Neurons, Weights, and Biases — The Math

The artificial neuron is the atom of every neural network. It looks simple: multiply some inputs by some numbers, add them together, add one more number, then pass the result through a function. But understanding this operation precisely — knowing exactly what each parameter does and why — is the foundation for understanding everything that comes later: the forward pass, loss, and backpropagation. In this lesson we develop the neuron mathematically, step by step, with real numbers.

The Weighted Sum

Suppose a neuron receives three inputs: x1 = 0.5, x2 = -1.2, x3 = 0.8. Each input has a corresponding weight: w1, w2, w3. The weights are learned parameters — numbers the network adjusts during training. The neuron first computes the weighted sum: z = w1*x1 + w2*x2 + w3*x3 Let us say w1 = 2.0, w2 = -0.5, w3 = 1.5. Then: z = (2.0)(0.5) + (-0.5)(-1.2) + (1.5)(0.8) = 1.0 + 0.6 + 1.2 = 2.8 The weight w_i controls how much input x_i influences the neuron. A large positive weight means 'if x_i is large and positive, drive z upward.' A large negative weight means 'if x_i is large and positive, drive z downward.' A weight near zero means 'x_i barely matters to this neuron.'

What a Weight Encodes

A weight is a learned relevance score. After training, a large-magnitude weight on an input means that input strongly influences the neuron's output. A near-zero weight means the neuron has learned to mostly ignore that input. The entire expressive power of the network lives in its weights.

Now add the bias term b. The full pre-activation value is: z = w1*x1 + w2*x2 + w3*x3 + b If b = -1.0, then z = 2.8 + (-1.0) = 1.8. The bias shifts the entire output up or down, independently of the inputs. Without a bias, the neuron's output is always zero when all inputs are zero (z = 0 no matter the weights). The bias lets the neuron fire (produce a large output) even when the inputs are zero, or stay silent even when inputs are nonzero. It gives the neuron a tunable baseline. In compact vector notation, if x = [x1, x2, x3]^T and w = [w1, w2, w3]^T, then: z = w^T x + b This is a dot product plus a scalar — the simplest possible linear function of the input.

From z to Activation: The Role of the Activation Function

The value z is called the pre-activation. It is a raw linear combination. By itself, a linear combination of linear combinations is still linear — no matter how many layers you stack, the whole network would collapse to a single linear function.
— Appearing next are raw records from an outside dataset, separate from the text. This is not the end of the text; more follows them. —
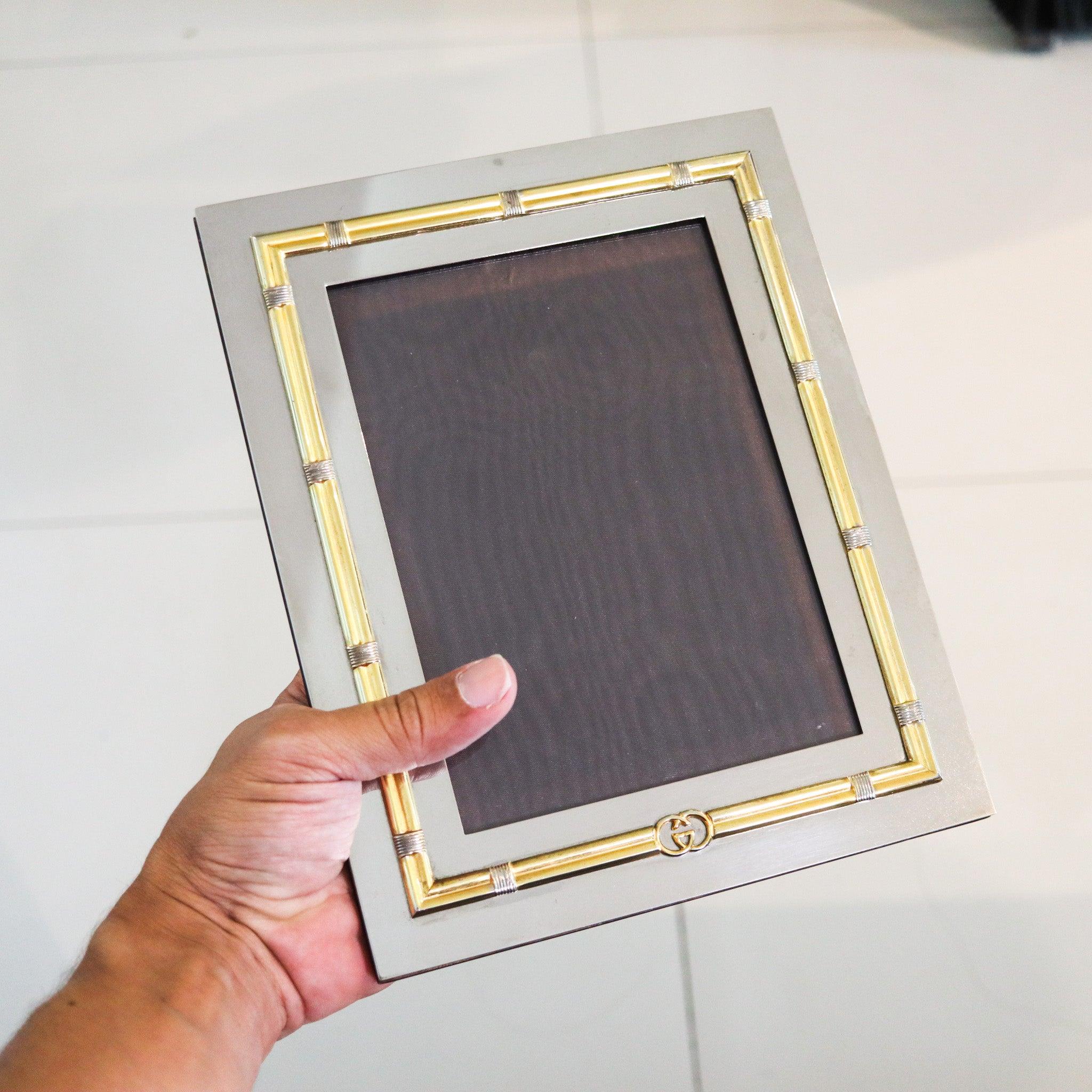 GUCCI Milano 1970 Table-Desk Picture Frame In Polished Chrome and Gilt Bronze 5
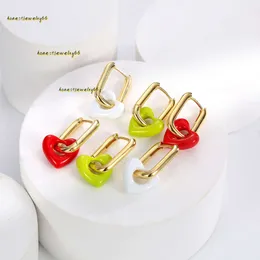 Kształt studiów lekki luksusowy kontrast kolor uszy klamra zimny wiatr sens senior francuskie niszowe kolczyki projektowe koreańskie bibeloty 2024 Projektowanie kolczyków prezent biżuterii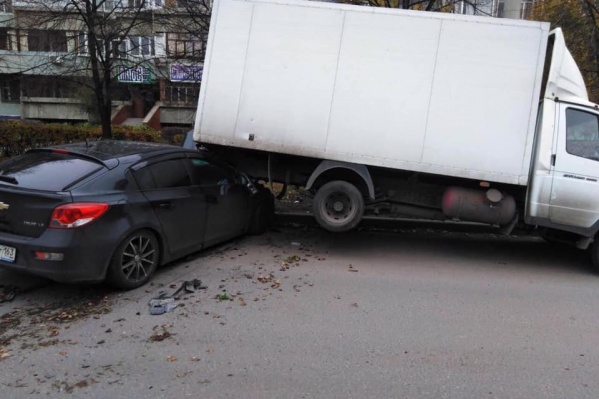 Спасатели и полицейские не нашли на месте происшествия автомобилиста Спасатели и полицейские не нашли на месте происшествия автомобилиста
This is why every neuron passes z through a nonlinear activation function sigma: a = sigma(z) The output a is called the neuron's activation. Common choices for sigma are ReLU, sigmoid, and tanh (covered in detail in Lesson 3). For now, imagine sigma is the ReLU function: sigma(z) = max(0, z). Then a = max(0, 1.8) = 1.8. To summarize the full neuron computation: 1. Compute weighted sum plus bias: z = w^T x + b 2. Apply activation: a = sigma(z) That is the entire forward computation of one neuron. The network is thousands or millions of these, chained together.

Match each term to its precise definition.

Terms

Weight (w_i)
Bias (b)
Pre-activation (z)
Activation (a)
Dot product (w^T x)

Definitions

Sum of element-wise products of two vectors; compact notation for the weighted sum
The raw weighted sum plus bias, before the activation function is applied
Learned scalar multiplying one input; controls that input's influence
Learned scalar added after the weighted sum; shifts the neuron's baseline activation
The neuron's output after z passes through the nonlinear activation function

Drag terms onto their definitions, or click a term then click a definition to match.

Without the Bias, the Model Is Constrained

If every neuron lacked a bias, every neuron's pre-activation would be zero when all inputs are zero. This forces the decision boundary to pass through the origin of the input space — a severe restriction. In practice, biases are always included precisely because they remove this constraint and allow the network to fit a much broader class of functions.

A neuron has inputs x = [1.0, 0.0, -2.0], weights w = [0.5, 3.0, -1.0], and bias b = 0.5. What is the pre-activation z?

Why would stacking many neurons without any activation function fail to gain expressive power?

Hand-Compute a Neuron

  1. Step 1: Write down a neuron with two inputs. Choose your own values: x1, x2, w1, w2, b. Make at least one weight negative.
  2. Step 2: Compute z = w1*x1 + w2*x2 + b by hand. Show every multiplication and addition.
  3. Step 3: Apply ReLU: a = max(0, z). What is the activation?
  4. Step 4: Now change the bias so that the activation changes from positive to zero (or zero to positive). How much did you have to change b?
  5. Step 5: Interpret: what does the bias adjustment tell you about what the bias controls?